- [Recorded information]:
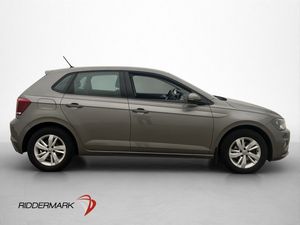 Volkswagen Polo bild 6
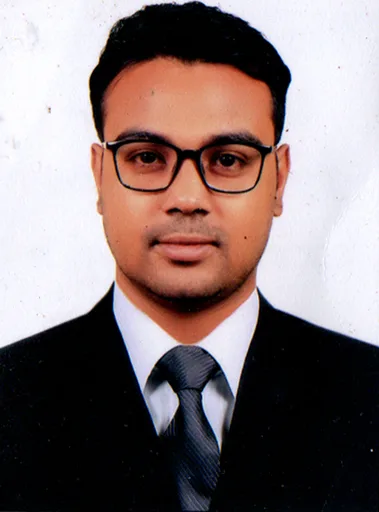 Mohammad Borhan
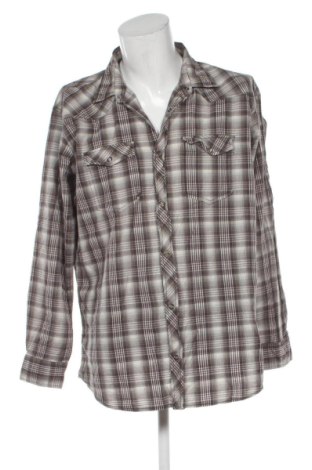 Męska koszula Unbranded, Rozmiar XXL, Kolor Kolorowy, Cena 63,50 zł, #137831663
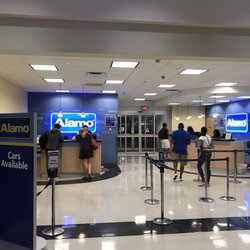 Alamo Rent A Car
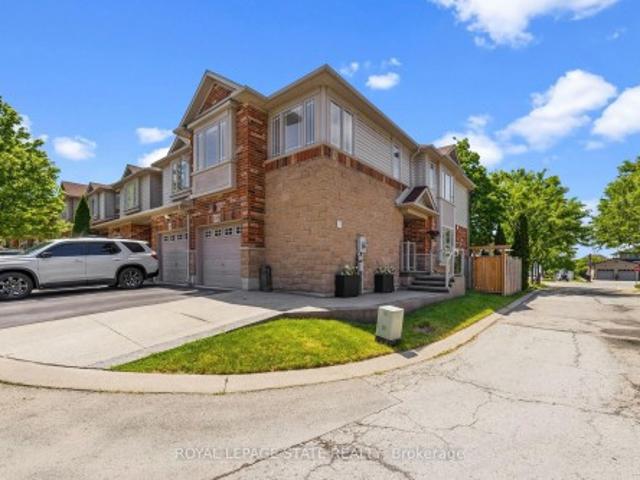 House for sale in Ancaster, Ontario
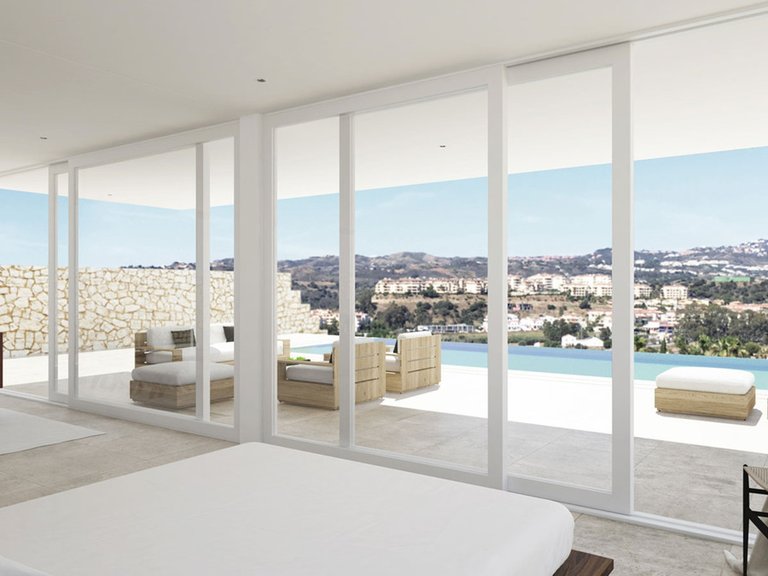 Villa for Sale in Mijas Golf, Malaga 3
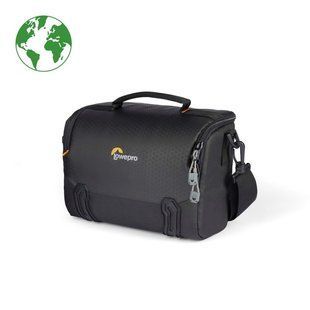 Сумка Lowepro Adventura SH 160 III черная (LP37452-PWW)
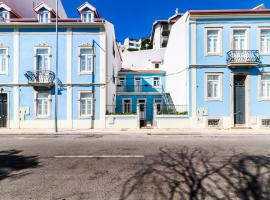 Hotel Photo: Briosa Studio Apartments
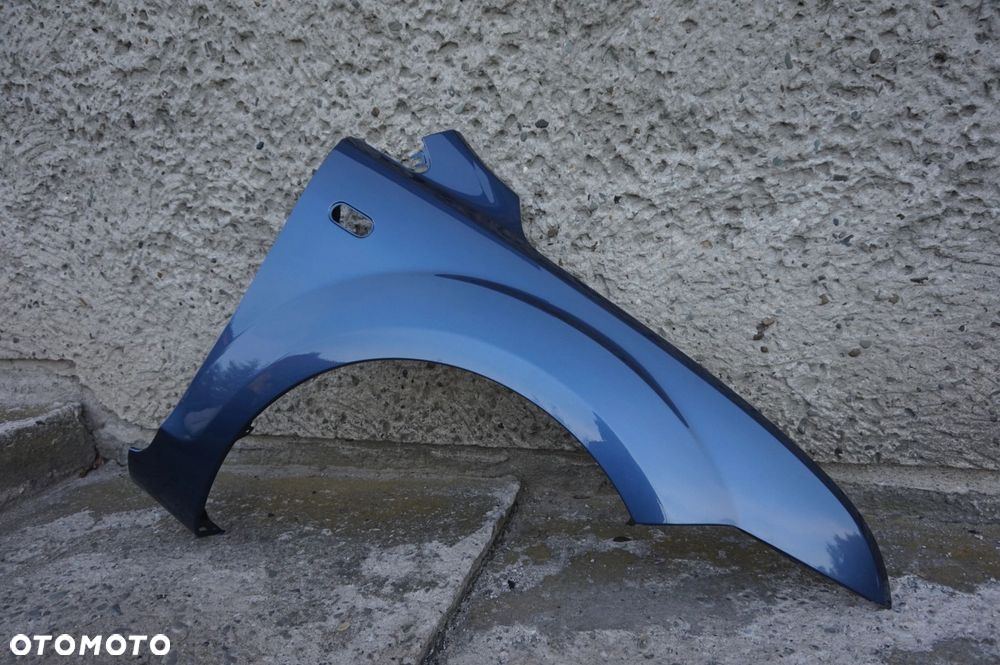 BŁOTNIK PRAWY FORD FOCUS II MK2 04/08r 23 - 3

- [About this exercise]: Begin with the first line of the entries above and write out each line exactly, ending with the line containing "Сумка Lowepro Adventura". Leave out pictures.

- [Response]:
 Volkswagen Polo bild 6
 Mohammad Borhan
 Męska koszula Unbranded, Rozmiar XXL, Kolor Kolorowy, Cena 63,50 zł, #137831663
 Alamo Rent A Car
 House for sale in Ancaster, Ontario
 Villa for Sale in Mijas Golf, Malaga 3
 Сумка Lowepro Adventura SH 160 III черная (LP37452-PWW)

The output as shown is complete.